Rose, c’est Paris (with DVD)
By Bettina Rheims and Serge Bramly
Taschen, February 2011
The title alludes to Duchamp’s alter-ego, Rrose Selavy, and there are echoes of the artist and his work to be found within these pages as well.
You can perhaps best describe the book as a photographic novel composed along the lines of Max Ernst’s novel in collage Une semaine de bonte, though Helmut Newton and Cornell Woolrich are also likely influences. It begins with a missing girl and then moves on to what seems like a séance, before switching to a near-naked girl on a train, fur coat draped around her shoulders, reading a well-thumbed copy of Fantomas.

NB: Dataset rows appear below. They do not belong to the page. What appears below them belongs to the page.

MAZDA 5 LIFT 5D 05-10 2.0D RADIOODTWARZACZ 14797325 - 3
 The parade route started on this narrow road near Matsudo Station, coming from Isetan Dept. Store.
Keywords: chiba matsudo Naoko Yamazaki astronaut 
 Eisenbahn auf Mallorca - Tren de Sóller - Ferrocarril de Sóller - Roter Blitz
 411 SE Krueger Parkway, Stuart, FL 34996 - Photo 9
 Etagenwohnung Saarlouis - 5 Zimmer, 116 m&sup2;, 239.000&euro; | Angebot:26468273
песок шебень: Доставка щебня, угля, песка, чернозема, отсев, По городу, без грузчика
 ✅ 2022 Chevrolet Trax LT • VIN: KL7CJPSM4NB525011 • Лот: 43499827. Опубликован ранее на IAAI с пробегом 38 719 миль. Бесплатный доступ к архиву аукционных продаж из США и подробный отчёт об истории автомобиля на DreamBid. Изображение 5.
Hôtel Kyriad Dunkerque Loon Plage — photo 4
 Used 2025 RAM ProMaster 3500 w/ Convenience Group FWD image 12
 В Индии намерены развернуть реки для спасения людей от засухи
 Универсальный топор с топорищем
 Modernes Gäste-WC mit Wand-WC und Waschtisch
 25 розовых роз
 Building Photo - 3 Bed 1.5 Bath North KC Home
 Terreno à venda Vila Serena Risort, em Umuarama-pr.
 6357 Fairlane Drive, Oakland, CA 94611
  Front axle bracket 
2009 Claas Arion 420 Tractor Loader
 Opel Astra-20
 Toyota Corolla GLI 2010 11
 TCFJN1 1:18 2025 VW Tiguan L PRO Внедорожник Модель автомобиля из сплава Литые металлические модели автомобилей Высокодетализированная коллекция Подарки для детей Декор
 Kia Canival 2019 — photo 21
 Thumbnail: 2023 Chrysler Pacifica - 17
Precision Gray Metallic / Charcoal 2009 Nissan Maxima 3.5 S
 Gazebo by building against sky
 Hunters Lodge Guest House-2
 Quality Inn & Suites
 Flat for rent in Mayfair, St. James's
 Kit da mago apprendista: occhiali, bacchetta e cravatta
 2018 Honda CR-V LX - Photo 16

Just following this there is a mermaid in a tiara dispensing gifts; and there are diverse shenanigans to follow. In character, the photographs could be called surrealistic, fetishistic and ludic. They are intriguing and dreamlike rather than disturbing and dark.
Paris is the main character in the novel, cliché though this may sound, but it is Paris as primarily the city of artists and of the imagination. Though having said this, actual locales – the Boulevard du Palais, Notre Dame, the Eiffel Tower (of course), the Seine, various gardens and cemeteries – are in fact used rather well. Among the interiors are two photographs of Boris Vian’s home; and it’s a great pity that Andre Breton’s study was not likewise preserved when it was put up for auction a fair few years back.
Every photo is listed at the end of the book and several are annotated, revealing a recondite knowledge of the ancient City of Lights. Reading the notes to ‘Mona Lisa of the Metro’ (each photograph is titled), I learn that Rembrandt’s great painting was stolen from the Louvre on 22 August 1911, exactly a century ago today. Quite a period of time passed – over two years – before it was returned.
This is an enchanting volume and, while many models are present, Inge van Bruystegem is the principal one. She is very easy on the eye.